I have space in my garage for a hutch that's large enough for my Netherland Dwarf Cross with adequate space for exercise, but currently don't have a safe enclosure for my 2 British Giants in the garage, so my options for them are the large hutch & run they usually stay in in the garden, or in the house. Thankfully, they do make excellent house pets and are well used to our home. They sleep in a large dog cage in the utility, and are more than comfortable using a litter tray. That said, they have outgrown the litter tray because of their size now, so we need to replace the litter tray with a dog basket (thanks to our friend Kenny for that suggestion!).

When it's cold and dark, it's easy to put off feeding and cleaning out the pet rabbit, please take your responsibilities as an owner and do the right thing for the rabbit and make sure it has plenty of food, water and lots and lots of hay - even if it means getting numb fingers in the process.
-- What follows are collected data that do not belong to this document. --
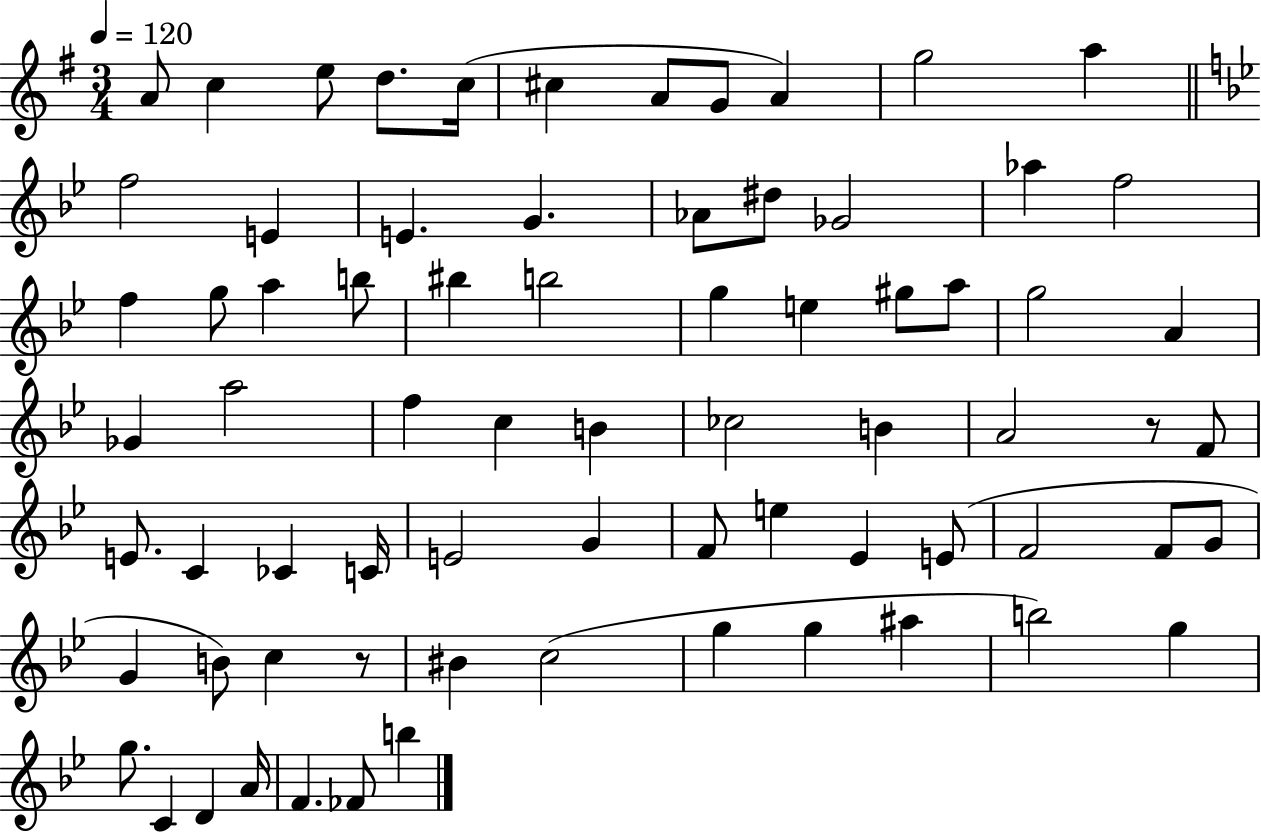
{
  \clef treble
  \numericTimeSignature
  \time 3/4
  \key g \major
  \tempo 4 = 120
  a'8 c''4 e''8 d''8. c''16( | cis''4 a'8 g'8 a'4) | g''2 a''4 | \bar "||" \break \key g \minor f''2 e'4 | e'4. g'4. | aes'8 dis''8 ges'2 | aes''4 f''2 | \break f''4 g''8 a''4 b''8 | bis''4 b''2 | g''4 e''4 gis''8 a''8 | g''2 a'4 | \break ges'4 a''2 | f''4 c''4 b'4 | ces''2 b'4 | a'2 r8 f'8 | \break e'8. c'4 ces'4 c'16 | e'2 g'4 | f'8 e''4 ees'4 e'8( | f'2 f'8 g'8 | \break g'4 b'8) c''4 r8 | bis'4 c''2( | g''4 g''4 ais''4 | b''2) g''4 | \break g''8. c'4 d'4 a'16 | f'4. fes'8 b''4 | \bar "|."
}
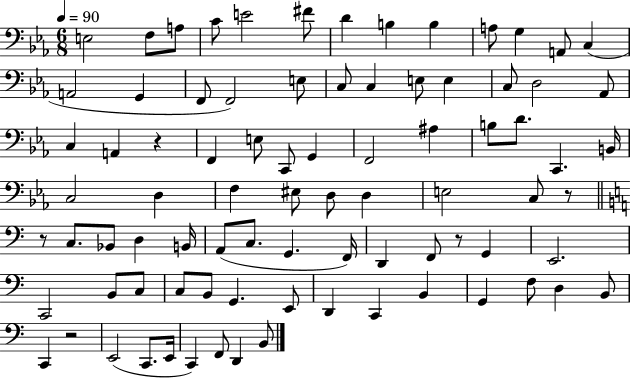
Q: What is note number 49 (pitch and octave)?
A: B2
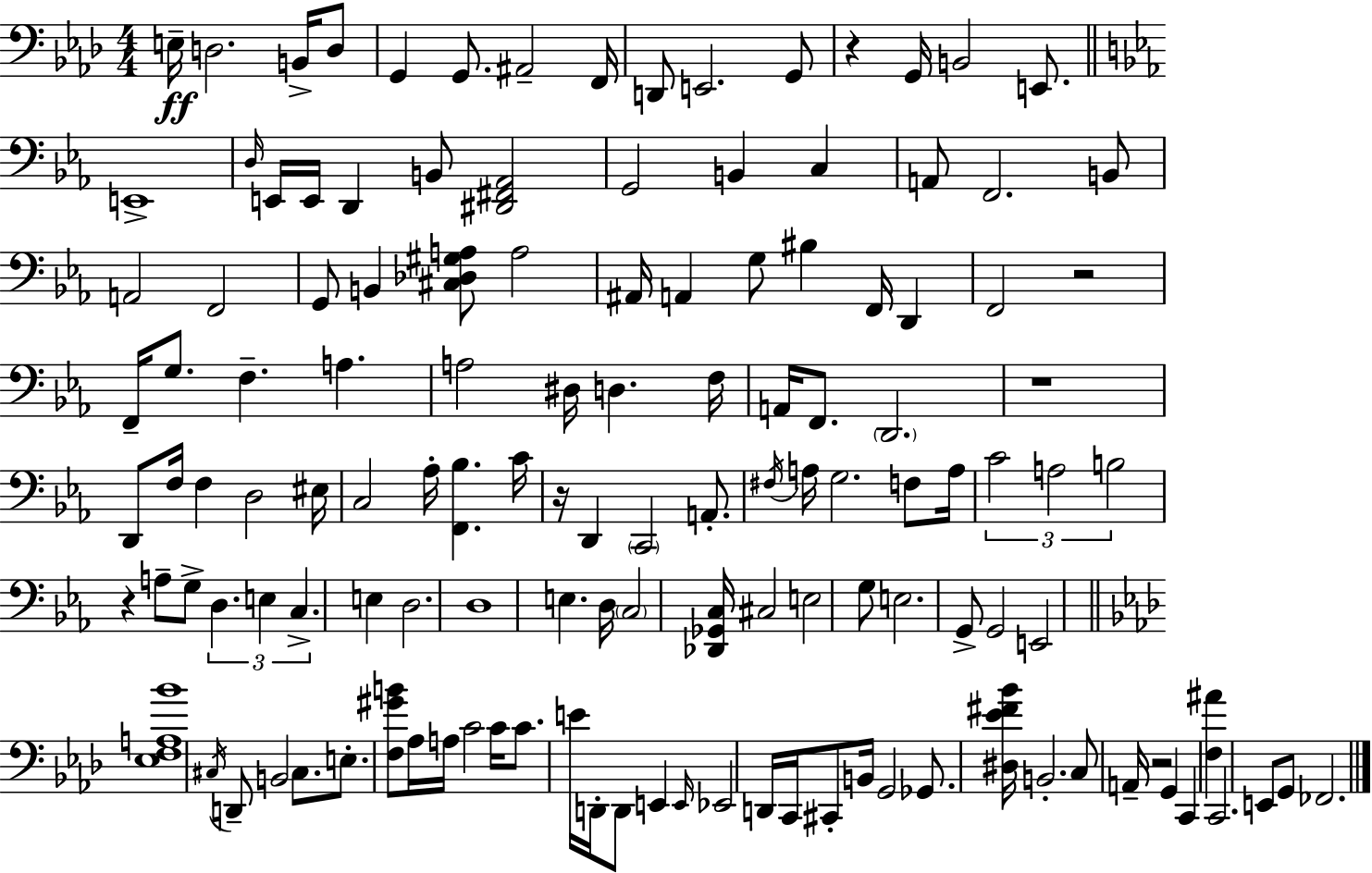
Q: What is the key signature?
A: AES major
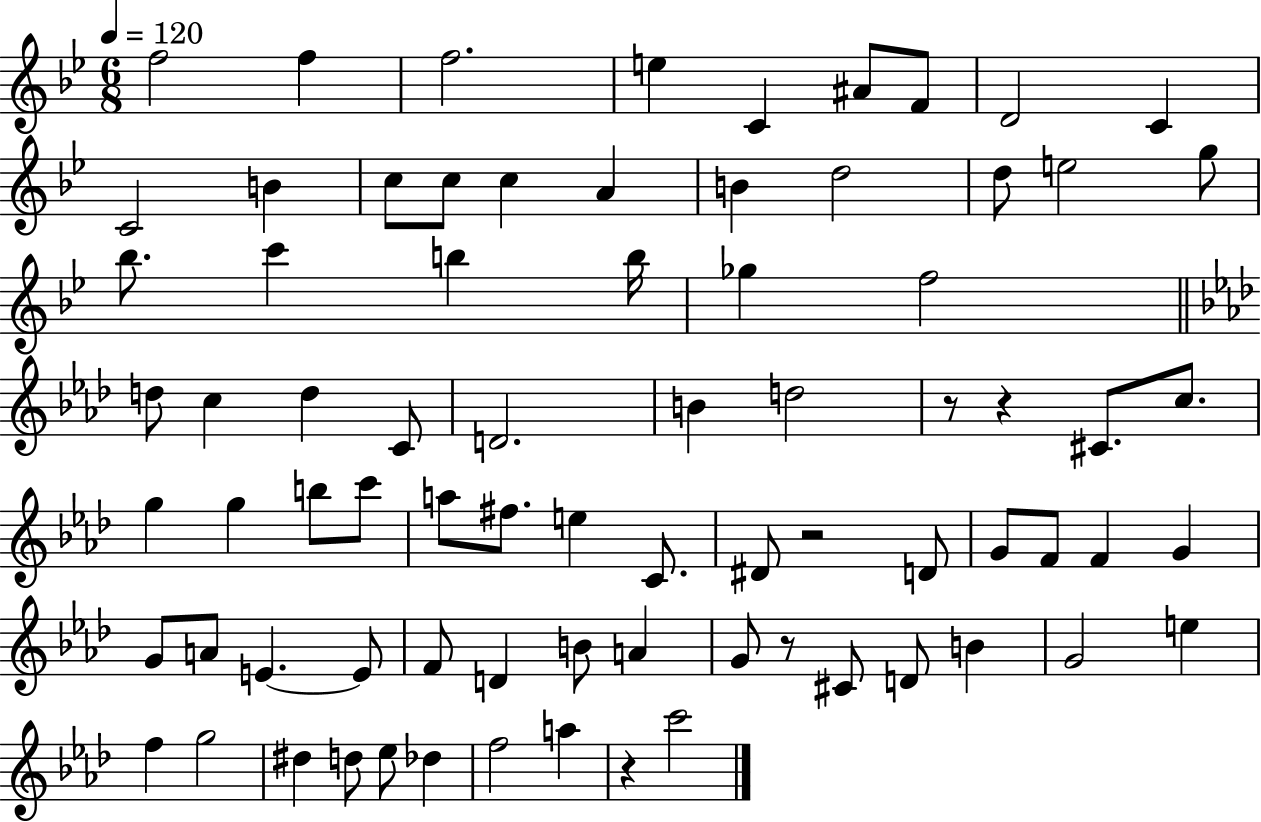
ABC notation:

X:1
T:Untitled
M:6/8
L:1/4
K:Bb
f2 f f2 e C ^A/2 F/2 D2 C C2 B c/2 c/2 c A B d2 d/2 e2 g/2 _b/2 c' b b/4 _g f2 d/2 c d C/2 D2 B d2 z/2 z ^C/2 c/2 g g b/2 c'/2 a/2 ^f/2 e C/2 ^D/2 z2 D/2 G/2 F/2 F G G/2 A/2 E E/2 F/2 D B/2 A G/2 z/2 ^C/2 D/2 B G2 e f g2 ^d d/2 _e/2 _d f2 a z c'2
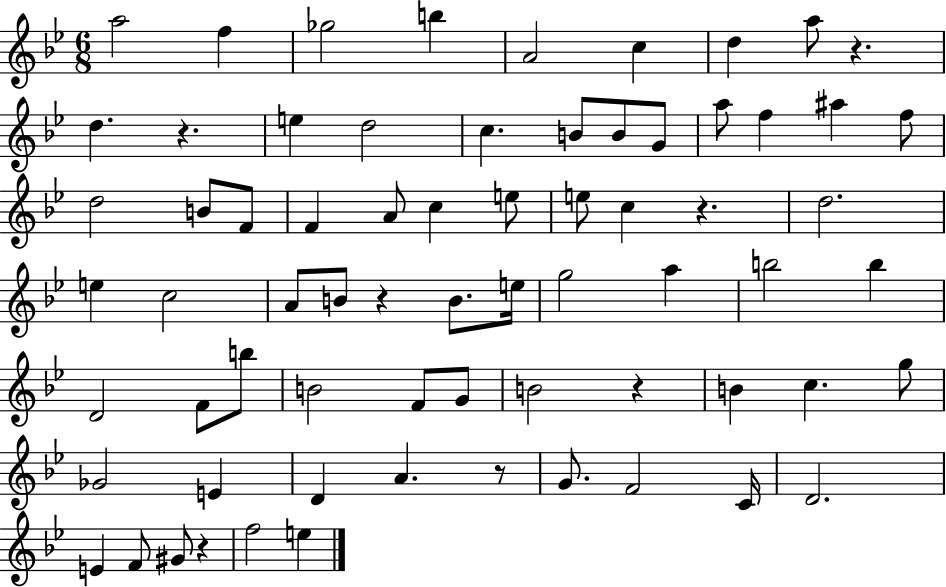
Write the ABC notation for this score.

X:1
T:Untitled
M:6/8
L:1/4
K:Bb
a2 f _g2 b A2 c d a/2 z d z e d2 c B/2 B/2 G/2 a/2 f ^a f/2 d2 B/2 F/2 F A/2 c e/2 e/2 c z d2 e c2 A/2 B/2 z B/2 e/4 g2 a b2 b D2 F/2 b/2 B2 F/2 G/2 B2 z B c g/2 _G2 E D A z/2 G/2 F2 C/4 D2 E F/2 ^G/2 z f2 e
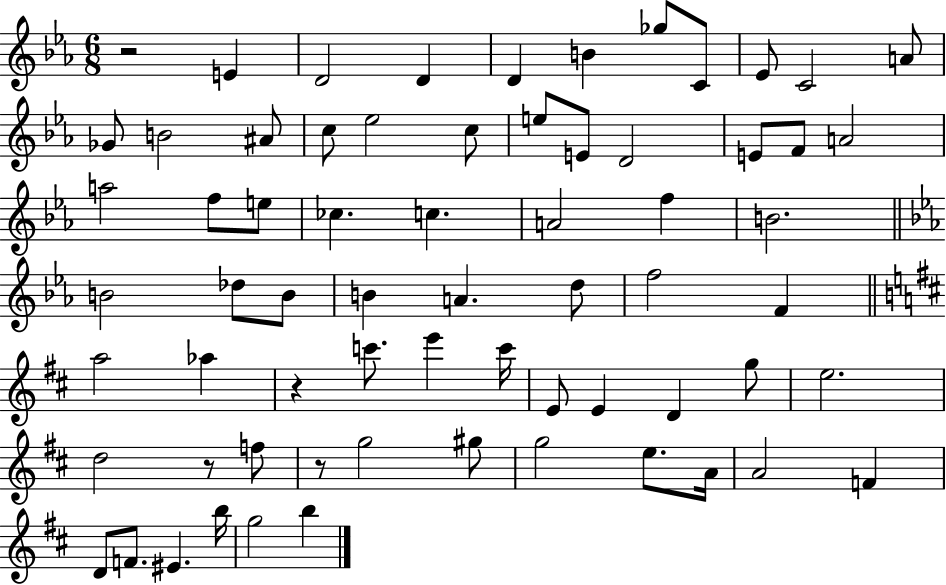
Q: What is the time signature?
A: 6/8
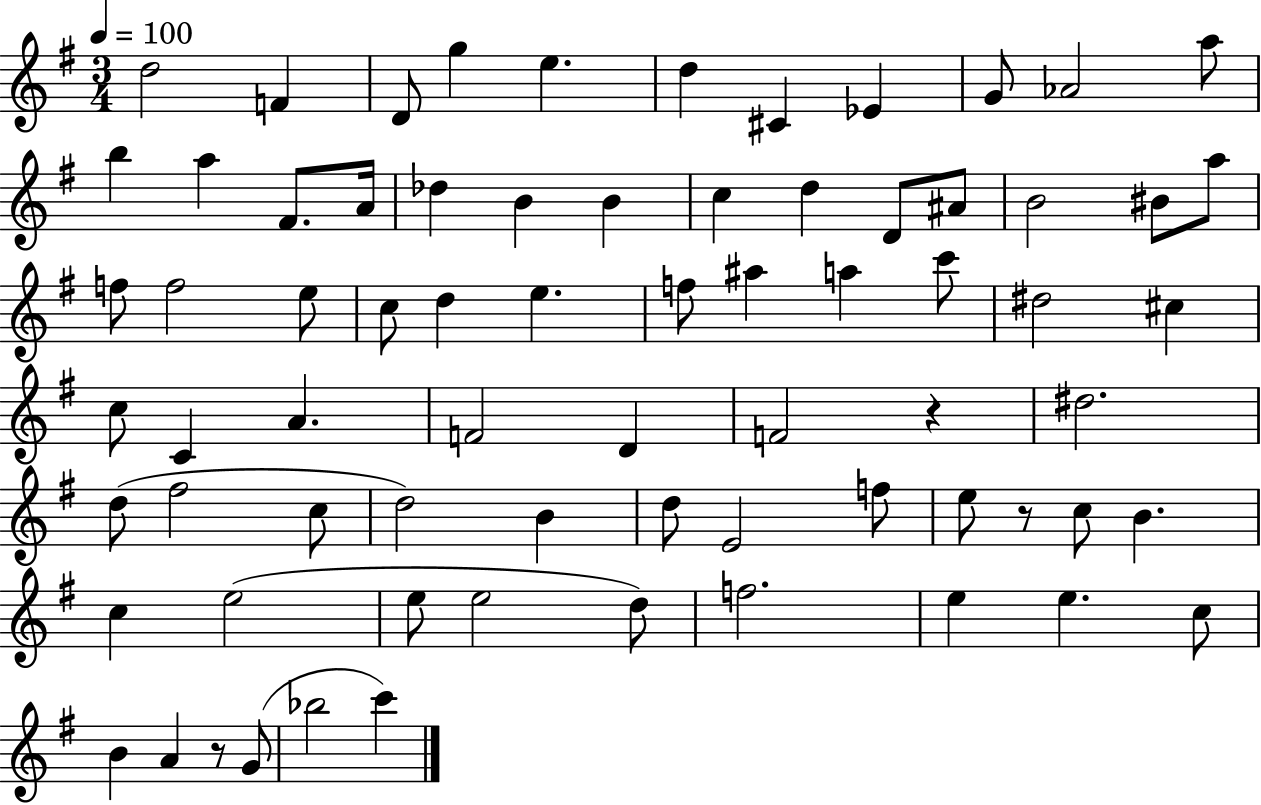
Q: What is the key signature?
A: G major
In fact, in weather like this it's worth getting outside and checking even more than you would normally, so if your rabbit is showing signs of distress due to the cold (eating less, immobile, laboured breathing) then you can get it the medical attention it needs, starting with getting it warm!

For the average outdoor pet rabbit many owners are not aware of the dangers that the cold winter weather can bring. Here are a few hints & tips to make caring for your pet rabbit in the winter easier for both you and your pet.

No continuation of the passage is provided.